Even if Putin’s electoral victory was genuine (and that will continue to be a matter of dispute), it would not necessarily reflect how people feel about a leader when they have only one choice. What matters more is the extent of the democratic opposition to Putin, how far this opposition will go, and what the Kremlin’s reaction will be.

In a further indication of how staged the whole process appears, Putin has promised to appoint outgoing president Dmitry Medvedev to be his prime minister after he becomes president in May. Of course, since Putin served as prime minister “under” Medvedev for the last four years, this cosmetic switch seems to confirm for many that nothing has really changed at the Kremlin. Retaining Medvedev, who continues to play the role of mild-mannered liberal in contrast to Putin the steely-eyed pit-bull, may prove useful to Putin, as he comes under pressure to carry out reforms promised following December’s protests.

Curiously, Medvedev has just announced that he has instructed the Russian Prosecutor’s Office to re-examine the legality of the imprisonment of oligarch Mikhail Khodorkovsky, who was given a second sentence on corruption charges in 2010. Khodorkovsky is viewed as a political prisoner by most Russian democrats—and by western observers—so his release, along with that of his partner Platon Lebedev, and several other such prisoners, would be a major concession to Russian human rights advocates.

But Khodorkovsky has long been one of Putin’s fiercest critics, so it is hard to imagine that Putin would allow his release before his prison term ends in 2016. In all likelihood, Medvedev’s comments are simply intended as a diversion to assuage voters who are disillusioned by the prospect of six (and possibly twelve) more years of Putin as president. Boris Nemtsov, for one, is convinced that the current president does not have enough powers to insist on the release of Khodorkovsky and Lebedev. “The criminal case against Khodorkovsky and Lebedev will not be retried,” he said this week, “because this is beyond the authority of Medvedev, and his instructions to the Prosecutor General’s Office are nothing but an efficient gesture to cool down the wave of public protests over the presidential elections.” Such gestures may also be intended to improve the Kremlin’s image in the international community, including the United States, amid distinct tensions in East-West relations over Middle East policy and Russia’s concerns about Western interference in its domestic politics.

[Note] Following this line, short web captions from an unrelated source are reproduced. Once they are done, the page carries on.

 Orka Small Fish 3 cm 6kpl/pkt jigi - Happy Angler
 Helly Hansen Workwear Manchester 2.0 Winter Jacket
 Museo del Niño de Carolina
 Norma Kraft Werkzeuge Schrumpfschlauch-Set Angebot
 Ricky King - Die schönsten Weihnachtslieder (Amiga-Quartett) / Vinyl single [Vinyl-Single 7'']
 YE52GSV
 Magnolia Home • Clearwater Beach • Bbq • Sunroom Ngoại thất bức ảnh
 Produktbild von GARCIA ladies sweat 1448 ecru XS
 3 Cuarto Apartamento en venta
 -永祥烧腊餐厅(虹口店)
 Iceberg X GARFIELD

Although most Western governments apparently find it more convenient to accept the election results, particularly given the need for Russia’s cooperation on Syria and Iran, cooling down domestic opposition might not be as easy as the Kremlin hopes. New demonstrations are planned in Moscow and other cities for March 10. And if they seem threatening to the Kremlin, there may again be recourse to the same strong-armed tactics the authorities used a few days ago.

Putin made a perfunctory promise to look into the allegations of vote fraud, but he dismissed Monday’s opposition protests as having no relation to his election. He apparently has no strategy for addressing the mounting discontent with him among the urban, middle-class elite, whose support is crucial for his government to retain its legitimacy. Lev Gudkov, director of the Levada Center, the respected independent polling agency, predicted this week in Izvestia, the Russian daily, that although overt signs of domestic unrest might subside for awhile, opposition to Putin can only grow: “There are very many people—over one-third [of the population], 35 percent—who do not recognize these elections as being legitimate. A wave of indignation will rise up.”